I just got a NOS Look steel frame. It doesn't have any model information on the frame. It does have a Columbus sticker that says
''Columbus Tubi speciali trafilati ACCIAIO Cromo GARA tre tubi''

I measured the ID of the seat tube at 26.6. What size seat post do I need, 26.5?

thank you


----------



## Scooper (Mar 4, 2007)

The GARA seat tube wall thickness is straight gauge (non-butted) 0.8mm, while GARA OR has 1.0mm walls. If the seat tube on the Look frame is the standard 28.6mm O.D. _and_ if Look used the stock GARA seat tube in this frame, the inside diameter of the seat tube would be 28.6 - 1.6 = 27.0mm.

If the frame uses GARA OR, an oversize tubeset designed for mountain bikes, the seat tube O.D. would still be 28.6, but the I.D. would be 28.6 - 2.0 = 26.6.

Standard practice is to use a seatpost with a diameter 0.2mm less than the I.D. of the seat tube to allow for manufacturing tolerances of both the tubing and the seatpost as well as warpage at the seat cluster from heat during the brazing process.

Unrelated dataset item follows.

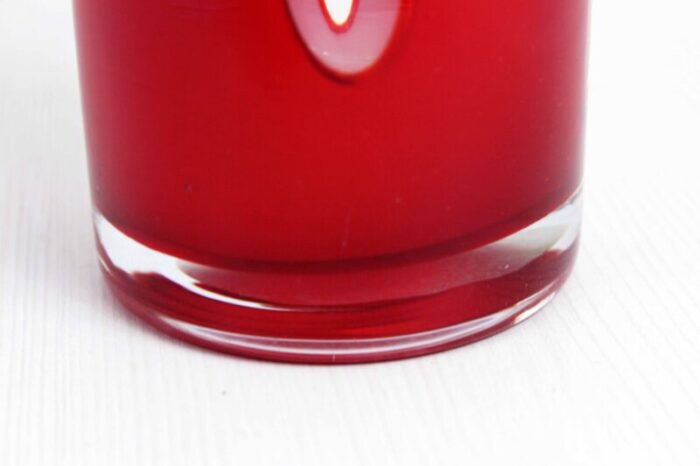 red and white murano glass vase 1970s 4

Even using a reamer to ream out the seat tube, the 0.2mm difference is used for providing a nice fit (not too tight, not too loose). So, if all of the assumptions above are true, if the the frame is GARA, it should take a 26.8mm seatpost. If the frame is GARA OR, it should take a 26.4mm seatpost.

Seat tubes often become elliptical in shape at the seat lug after being used for a while, so measuring, even with a good caliper at several points across the opening and the averaging them, is often inaccurate. Most bike shops have stepped seatpost measuring rods that are graduated in standard seatpost diameters so the seatpost diameter for an unknown seat tube can be easily determined.

Here are the J.A. Stein stepped seatpost sizing rods.


----------



## Scooper (Mar 4, 2007)

Here are the tubing wall thickness for various Columbus tubesets circa 1989.










Link for higher res image

Data sheet for GARA:










Link for higher res image

Data sheet for GARA OR:










Link for higher res image


----------



## Sweeney (Apr 29, 2007)

Thanks for the info. I just ordered the seatpost


----------